Bush Boys Feral In Melbourne
Green Guide; Switch on TV
Derek Leather
25 November 1993
The AgeĀ
Thursday Boys from the Bush, Channel 7, 8.30pm THIS Australian/British comedy series should have been a marketing coup because, as the lead characters would probably say, it has a bob/buck each way. It has an English and Australian lead and spells in both countries; thus two local audiences. But in spite of Boys from the Bush having had a reasonable reception in Britain, Channel 7 has not had the courage to run this 1990 production until now.
It really didn’t deserve that fate, for although it is hardly ground- breaking comedy, it does have two good comic characters in the soccer- mad (QPR) pommy slob Reg (Tim Healy from Auf Weidersehn Pet), who hates Melbourne and yearns for the Bush (Shepherds in London), and Dennis Tontine (a great performance from Chris Haywood), the unctuous and manically unsuccessful conman from the local bush.

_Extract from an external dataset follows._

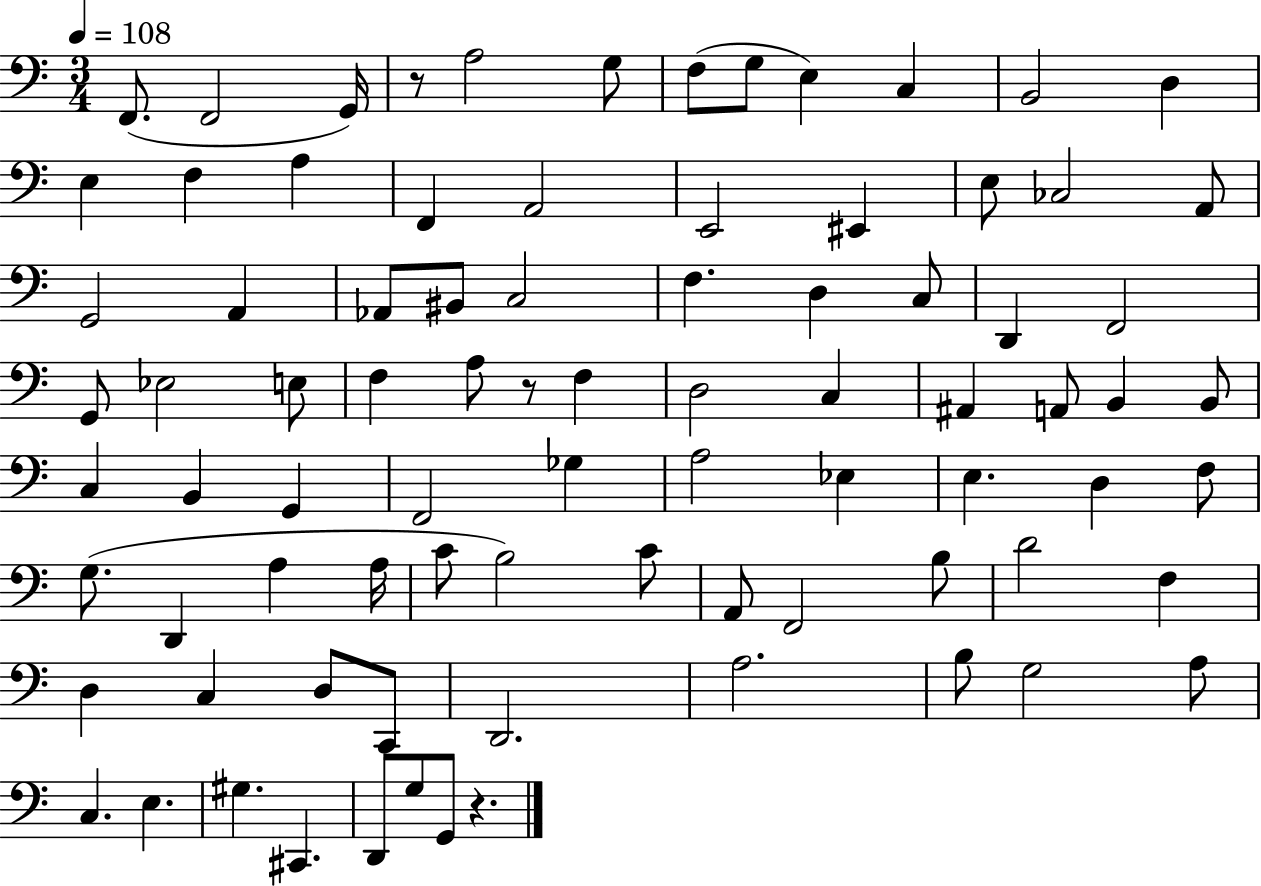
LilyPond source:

These likely lads met in the dole office and decided to set up Melbourne Confidential, which specialises in introductions, insurance investigations, security and snooping in general. It has shades of Minder on Brunswick Street, and the style and humor in the show is in a similar streetwise and two-bit loser vein. Reg lives in a land of formica and chrome furniture and ’50s weatherboards – ostensibly Sunshine – while Dennis plays slave to a femme fatale (Gia Carides) in his rundown bachelor single-fronter in Port Melbourne.
The first episode starts in a rather cliched fashion, with the heroes coming in for attention from the police, who are, in turn, being watched by a Greek/Asian gang, but Dennis and Reg soon take charge.
There are troublesome platypuses, lovelorn farmers from Boggy Boggy Creek, an itinerant Filipino bride and Reg’s missus, Doris (Pat Thompson), who is playing more than bowls for Hawthorn, as well as his wimpy jetlagged nephew Lesley (Mark Haddigan), who is being pursued by Reg’s dullard daughter Arlene (Nadine Garner).
The eye of the outsider has focused on and made humor from, outrageously aggressive talkback hosts, Sunshine and suburbia in general, brothels, multiculturalism and much more. It is not just about ocker bashing, for Reg is hardly a fine representative of the mother country and is in for a shock when he returns to the much- yearned-for God’s own domain of Shepherds Bush. It is wryly ideologically unsound, unpretentious comedy, which should be good for laughs during the silly season.